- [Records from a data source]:
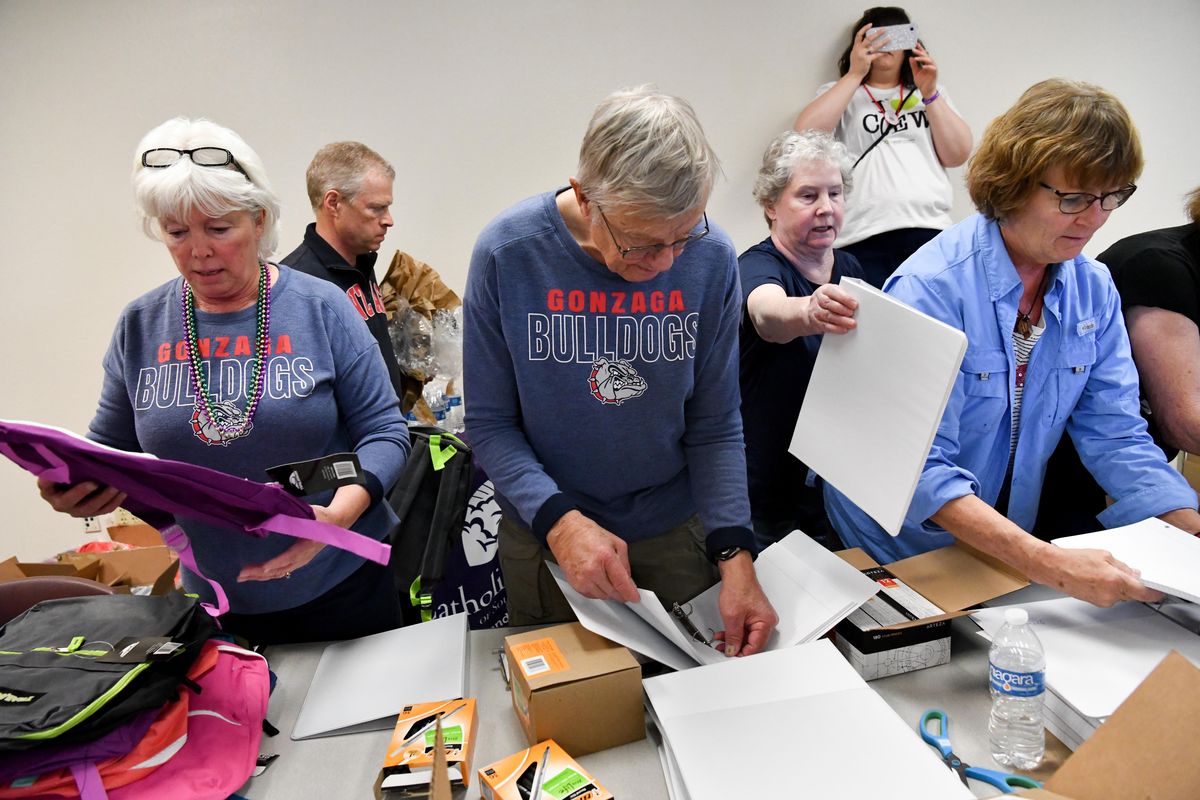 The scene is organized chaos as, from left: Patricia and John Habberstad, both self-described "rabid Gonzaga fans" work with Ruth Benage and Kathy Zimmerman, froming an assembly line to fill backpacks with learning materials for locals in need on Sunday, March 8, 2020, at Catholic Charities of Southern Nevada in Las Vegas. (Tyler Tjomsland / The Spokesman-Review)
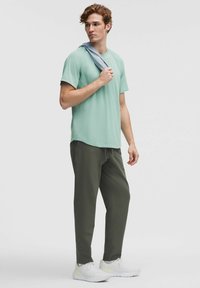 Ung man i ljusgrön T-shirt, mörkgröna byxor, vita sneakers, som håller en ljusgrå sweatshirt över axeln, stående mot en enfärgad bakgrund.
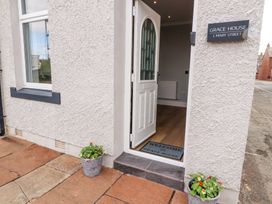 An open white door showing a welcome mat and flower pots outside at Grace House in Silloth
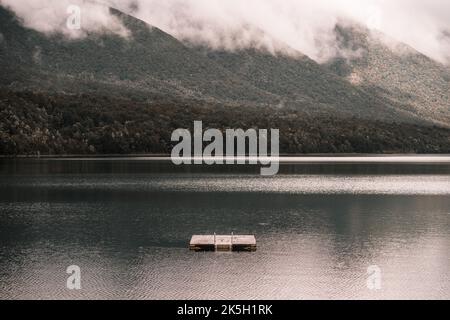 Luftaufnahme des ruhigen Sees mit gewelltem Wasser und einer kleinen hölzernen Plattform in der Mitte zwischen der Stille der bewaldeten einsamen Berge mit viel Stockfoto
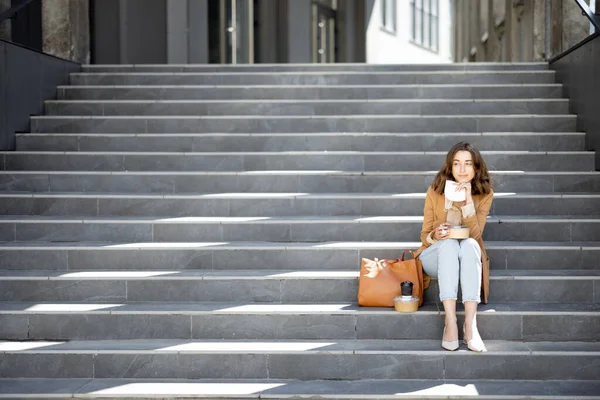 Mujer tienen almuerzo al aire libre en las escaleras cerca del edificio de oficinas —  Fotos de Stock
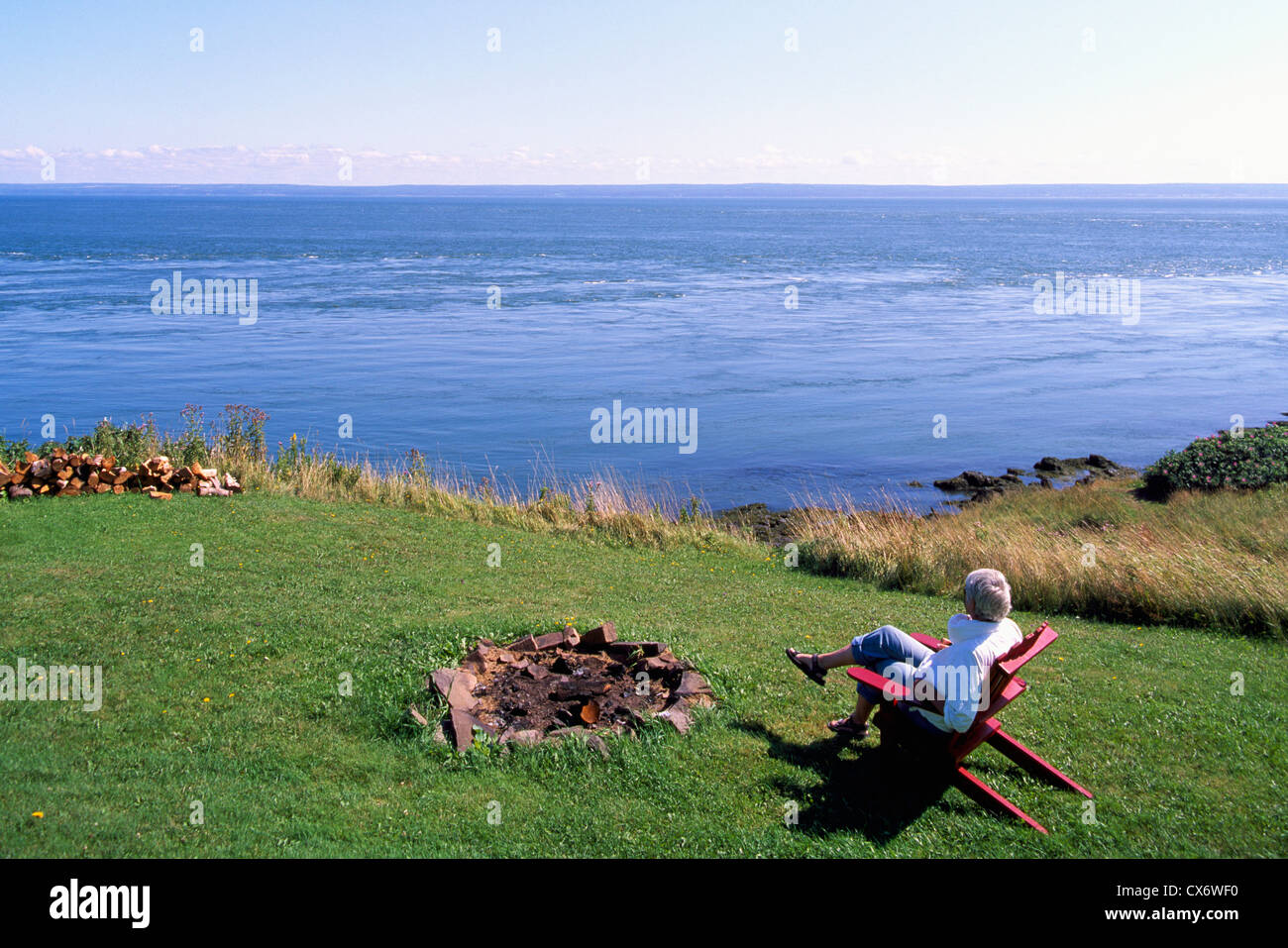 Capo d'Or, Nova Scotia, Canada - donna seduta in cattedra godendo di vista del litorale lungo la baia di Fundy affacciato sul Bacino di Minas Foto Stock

- [Exercise]: Copy out nothing but the lines from the beginning of the records through the one that contains "An open white". Skip the pictures.

- [Completed exercise]:
 The scene is organized chaos as, from left: Patricia and John Habberstad, both self-described "rabid Gonzaga fans" work with Ruth Benage and Kathy Zimmerman, froming an assembly line to fill backpacks with learning materials for locals in need on Sunday, March 8, 2020, at Catholic Charities of Southern Nevada in Las Vegas. (Tyler Tjomsland / The Spokesman-Review)
 Ung man i ljusgrön T-shirt, mörkgröna byxor, vita sneakers, som håller en ljusgrå sweatshirt över axeln, stående mot en enfärgad bakgrund.
 An open white door showing a welcome mat and flower pots outside at Grace House in Silloth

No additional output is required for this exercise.